The U.S. Department of Labor's Office of Labor-Management Standards (OLMS) administers and enforces most provisions of the Labor-Management Reporting and Disclosure Act (LMRDA). The LMRDA was enacted to ensure basic standards of democracy and fiscal responsibility in private sector labor organizations. Unions representing U.S. Postal Service employees are also subject to the LMRDA. Federal employee unions are subject to similar standards under the Civil Service Reform Act of 1978 and the Foreign Service Act of 1980.
OLMS also protects mass transit employees under the Federal Transit Law. In addition, OLMS administers Executive Order 13496, which requires government contracts and subcontracts to include an employee notice clause requiring non-exempt federal contractors and subcontractors to post notices informing their employees that they have certain rights related to union membership and use of union dues and fees under federal law.
What are the major provisions of the LMRDA?

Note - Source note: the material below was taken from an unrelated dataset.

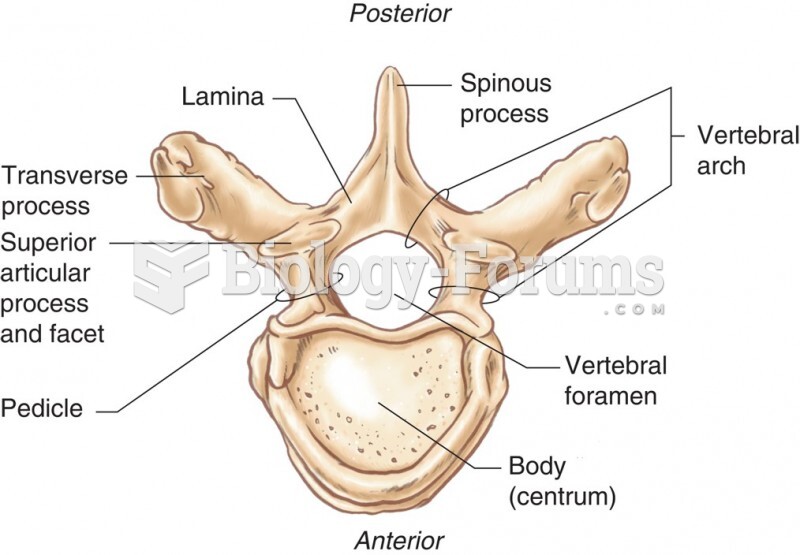 Structure of a Typical Vertebra (Superior View)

- "Bill of Rights" for union members
- Requirements for reporting and disclosing financial information and administrative practices
- Requirements for reporting and disclosure by employers, labor relations consultants, union officers and employees, and surety companies, when they engage in certain activities
- Rules for establishing and maintaining trusteeships
- Standards for conducting fair elections of union officers
- Safeguards for protecting union funds and assets
How does OLMS ensure compliance with the LMRDA?

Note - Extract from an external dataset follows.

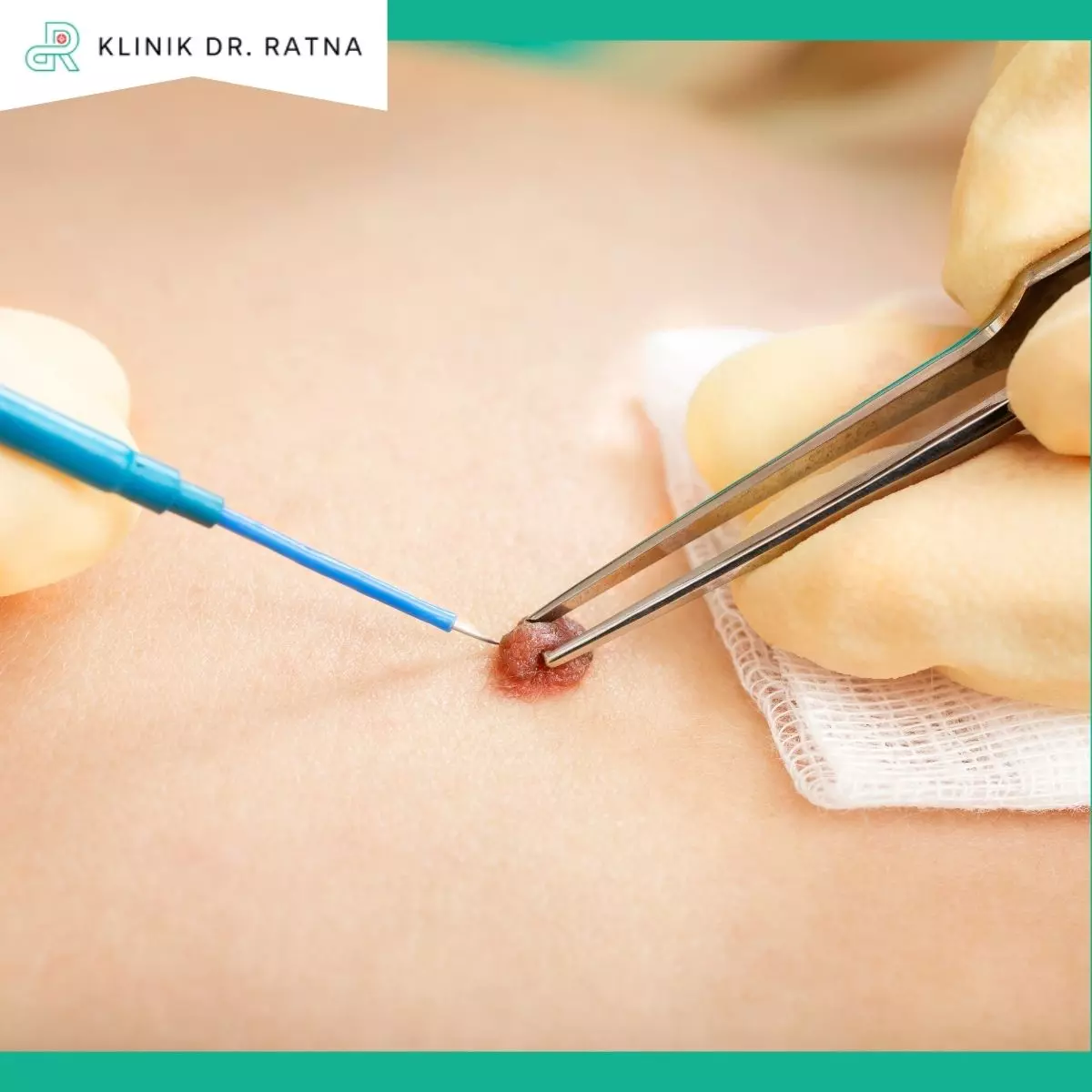 1. Pengangkatan Tahi Lalat (Eksisi Nevus)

OLMS ensures compliance with the provisions of the LMRDA in four ways:
Public Disclosure of Reports
Unions subject to the LMRDA must file with OLMS an initial information report (Form LM-1) and copies of their constitution and bylaws. In addition, unions must file annual financial reports (Form LM-2, LM-3, or LM-4). Employers, labor relations consultants, union officers and employees, and surety companies are required to file reports under certain circumstances. All of these reports are public information and are available from OLMS.
In addition, at www.unionreports.dol.gov, you can view, print, and order reports filed by unions, employers, and labor relations consultants, and search the union annual financial reports for key data items.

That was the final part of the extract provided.